Panel Urged to Deny Immunity for School Cellphone Search

ATLANTA (CN) — An attorney for the parents of a Georgia high school student who claim their daughter’s privacy rights were violated when school administrators seized and searched her cellphone asked an 11th Circuit panel Friday to revoke their immunity.

(AP Photo)

Richard and Loretta Jackson sued Chattahoochee County Middle High School in January 2017 after school officials searched their daughter’s phone when rumors began circulating that she was “bad-talking” a fellow student for not making the volleyball team, according to court records.

The daughter, who is identified only by her initials EDJ in filings, was using text messages to make the alleged comments.

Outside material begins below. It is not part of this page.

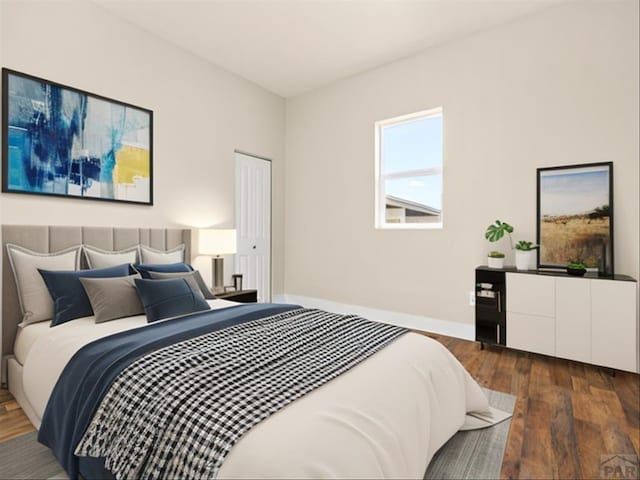 1415 E 2nd St, Pueblo, CO 81001 - bedroom with dark wood-type flooring and baseboards
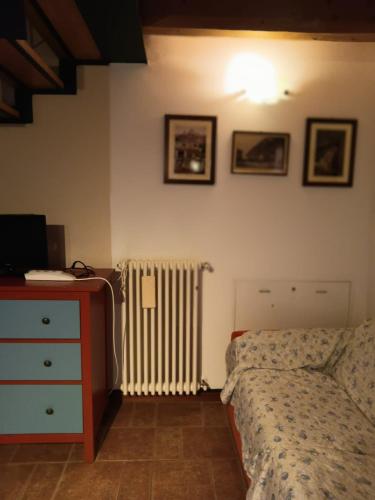 ein Schlafzimmer mit einem Bett, einer Kommode und einem Heizkörper in der Unterkunft OASI DEL GARDA 3 in Monzambano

She was questioned by members of the school’s administrative staff. During the questioning, Bo Oates, the school’s assistant principal, allegedly asked her to unlock her phone and allow him to see if she was sending negative text messages about the other student.

After Oates reviewed EDJ’s text messages with a student identified as “B,” she says he continued to review other messages from her family members, best friend and ex-boyfriend.

The girl claims she did not give Oates permission to search her phone, according to a December 2017 district court order dismissing her claims of Fourth Amendment violations.   

Her father also alleged his First Amendment rights were violated when his communications with school officials were restricted after he threatened litigation and an altercation took place at a school event that ended in his removal from the premises.

Chief U.S. District Court Judge Clay Land in the Middle District of Georgia granted the school officials’ motion for summary judgment on the parents’ claims, finding they are entitled to qualified immunity.

Land ruled that it would not have been “clearly obvious” to a school official in Oates’ position “that the Fourth Amendment prevented him from conducting the search of EDJ’s phone as he did.”

According to the ruling, Oates believed the negative text messages might have constituted harassment, which is prohibited by the student code of conduct. He therefore had “reasonable grounds to suspect that a search of the text messages on EDJ’s cell phone would reveal evidence that she was violating or had violated the school’s rule against harassment.”

Judge Land also found that the expanded search into the girl’s text messages with her family members was warranted because she could have disguised her contacts and messages by changing the names of her contacts.

Torin Togut, an attorney representing the Jacksons, urged the three-judge 11th Circuit panel Friday to reverse the district court’s finding of immunity.

“The expanded search of the phone exceeded the scope of the alleged infraction. It was not relevant to the search in the first place. The infraction was incredibly minor,” Togut argued.

“Everything about this is minor,” U.S. Circuit Judge William Pryor Jr. responded, shaking his head.

Pryor added, “There was a reasonable threat of violence. School officials were trying to sort it out. The question is whether a reasonable school official could look around the text messages to figure this out.”

Arguing on behalf of the school officials, attorney Franklin Coleman of Perry & Walters asked the panel to uphold the immunity ruling.

He told the panel that Oates “had reasonable suspicion that there was a moderate chance of discovering evidence of a violation of school rules and policies against bullying and harassment.”

Pryor was joined on the panel by U.S. Circuit Judge Robin Rosenbaum and Senior U.S. District Judge Anne Conway, sitting by designation from the Middle District of Florida.

The panel did not indicate when they might issue a decision in the case.